• **WHAT YOU HAVE TO DO**
Below are the records. Retype, exactly, the lines from the first through the line with "IHC-plus™ Polyclonal Rabbit", and leave out the pictures.

• **DATA IN THIS EXERCISE**
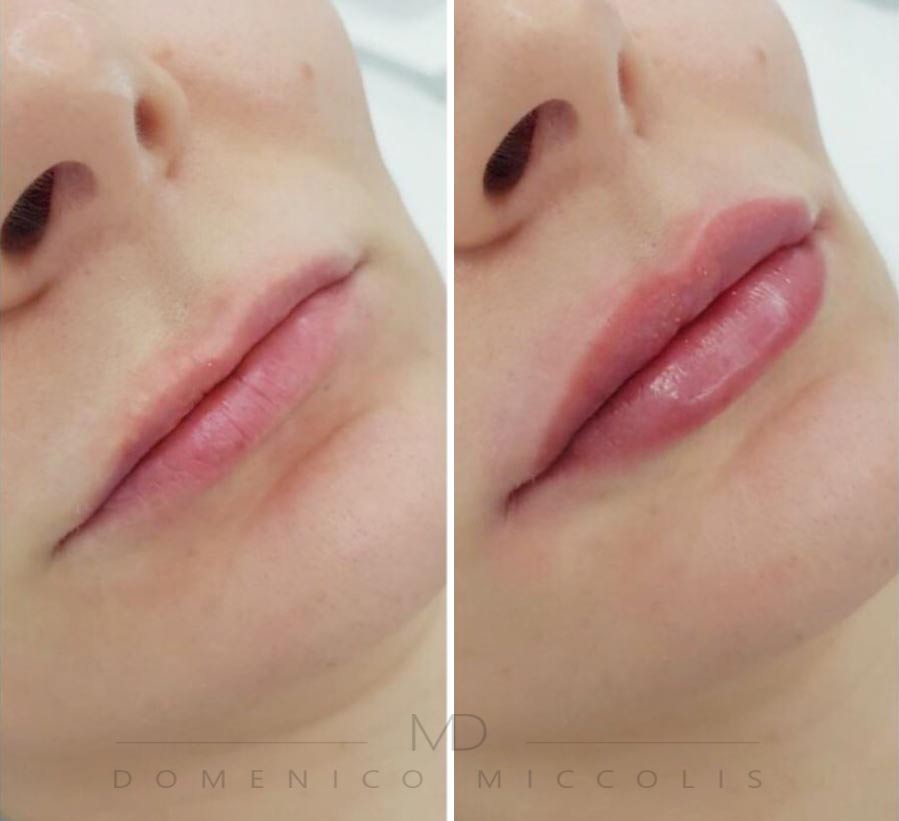 protesi labbra prima e dopo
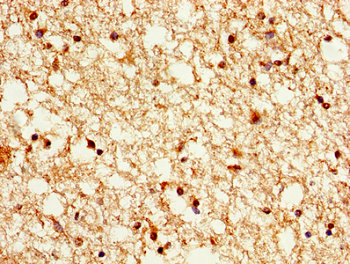 HIST1H1B Antibody - Immunohistochemistry image of paraffin-embedded human brain tissue at a dilution of 1:100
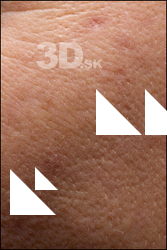  HD Face Skin Hanane 
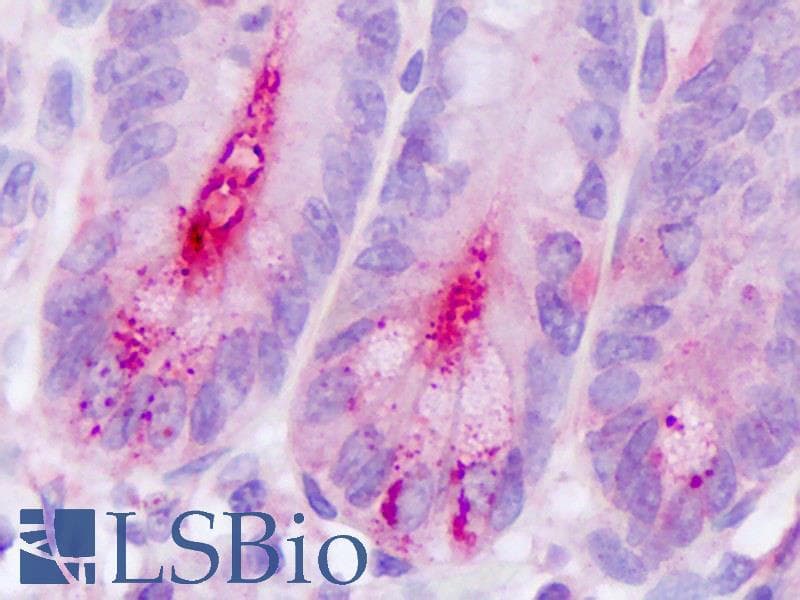 IHC-plus™ Polyclonal Rabbit anti-Human DPP4 / CD26 Antibody (Internal, IHC)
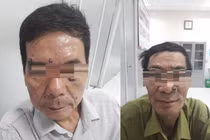 Hà Nội: Đi đốt nốt ruồi, 2 người đàn ông bất ngờ phát hiện ung thư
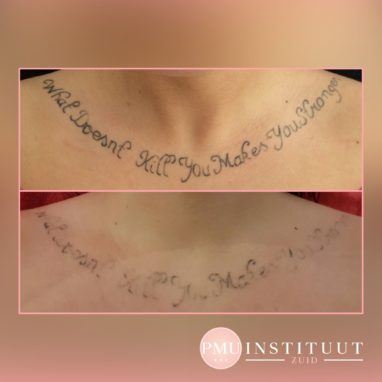 tatoeage-verwijdering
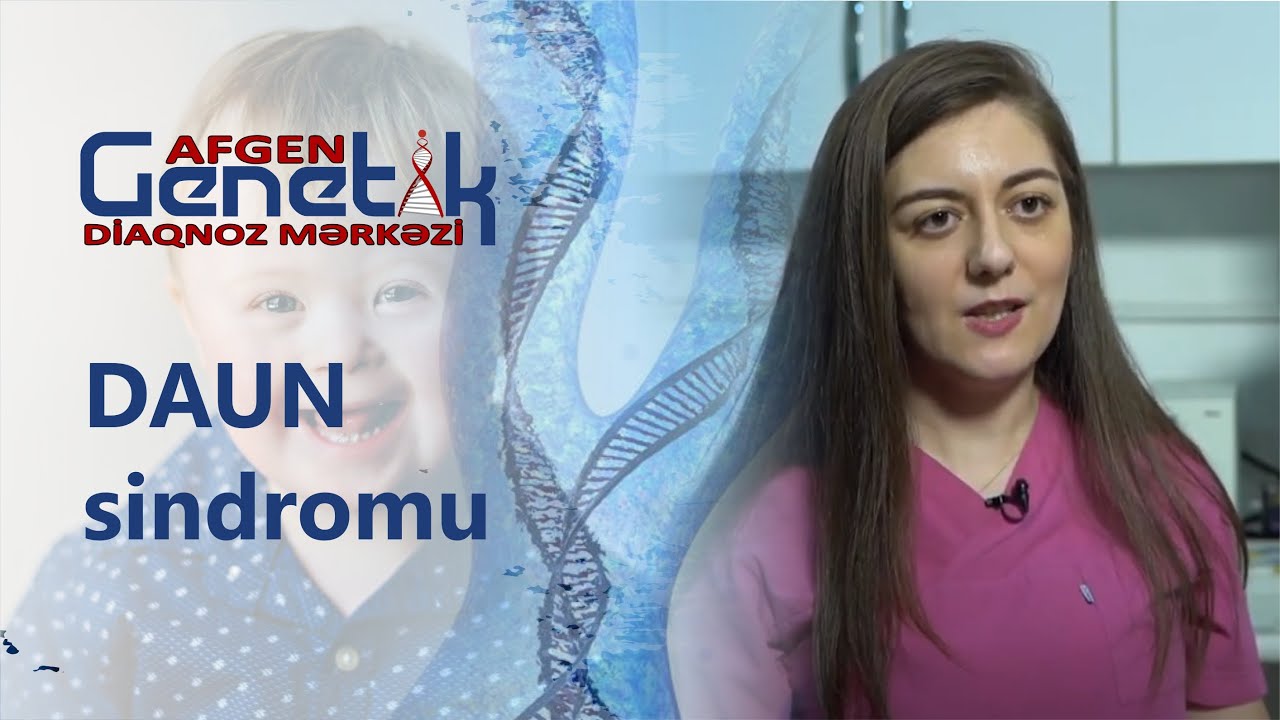 Daun sindromu nədir? Daun sindromuna görə profilaktik müayinənin (skrininqin) növləri.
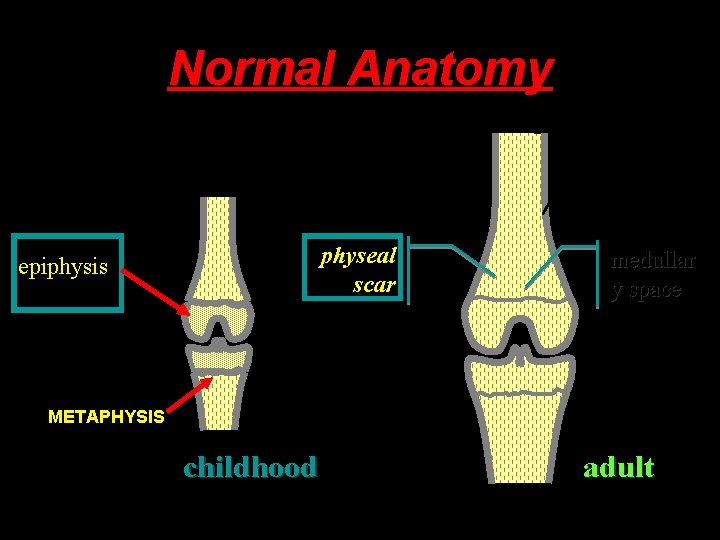 Normal Anatomy diaphysis cortex metaphysi s physeal physis scar epiphysis medullar y space METAPHYSIS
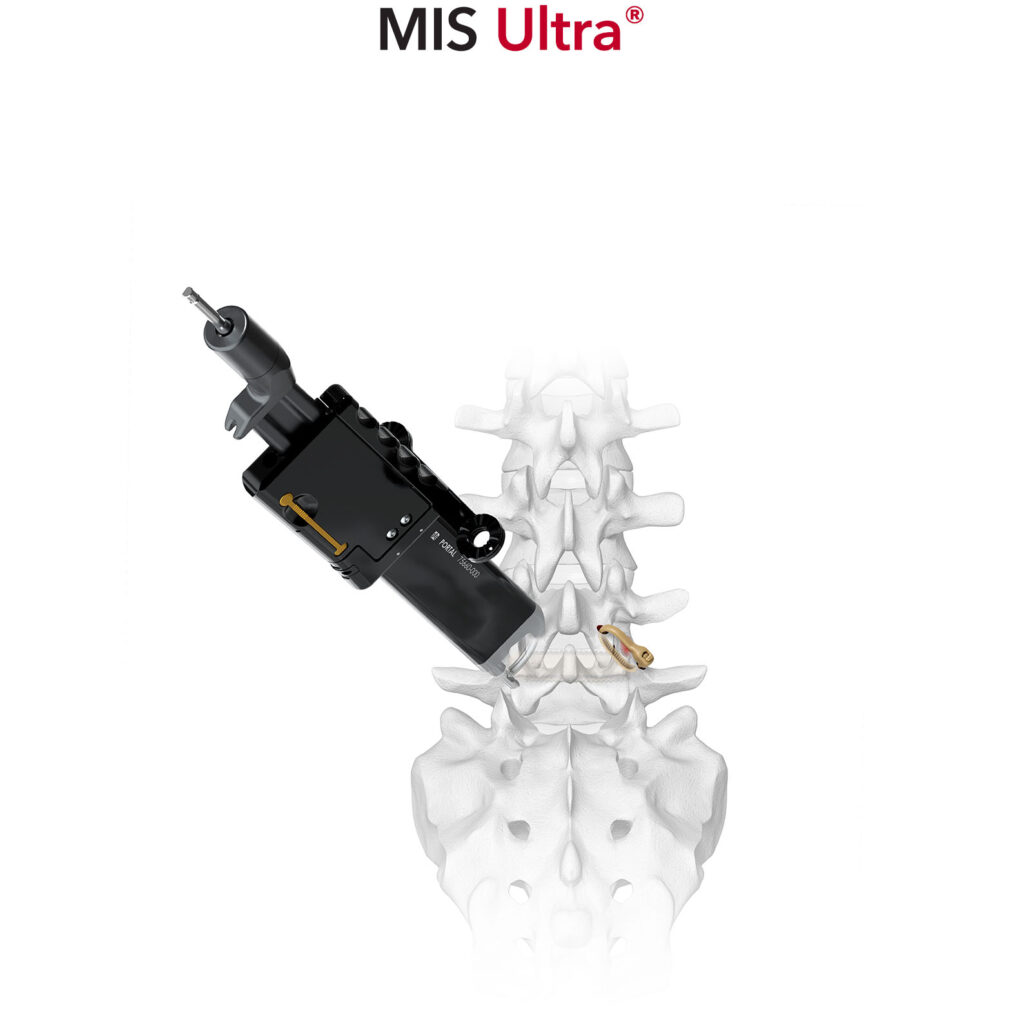 Karma MIS Ultra Non-metal spinal fixation Thoracolumbar Spinal Elements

• **SOLUTION TO THE PROBLEM**
 protesi labbra prima e dopo
 HIST1H1B Antibody - Immunohistochemistry image of paraffin-embedded human brain tissue at a dilution of 1:100
  HD Face Skin Hanane 
 IHC-plus™ Polyclonal Rabbit anti-Human DPP4 / CD26 Antibody (Internal, IHC)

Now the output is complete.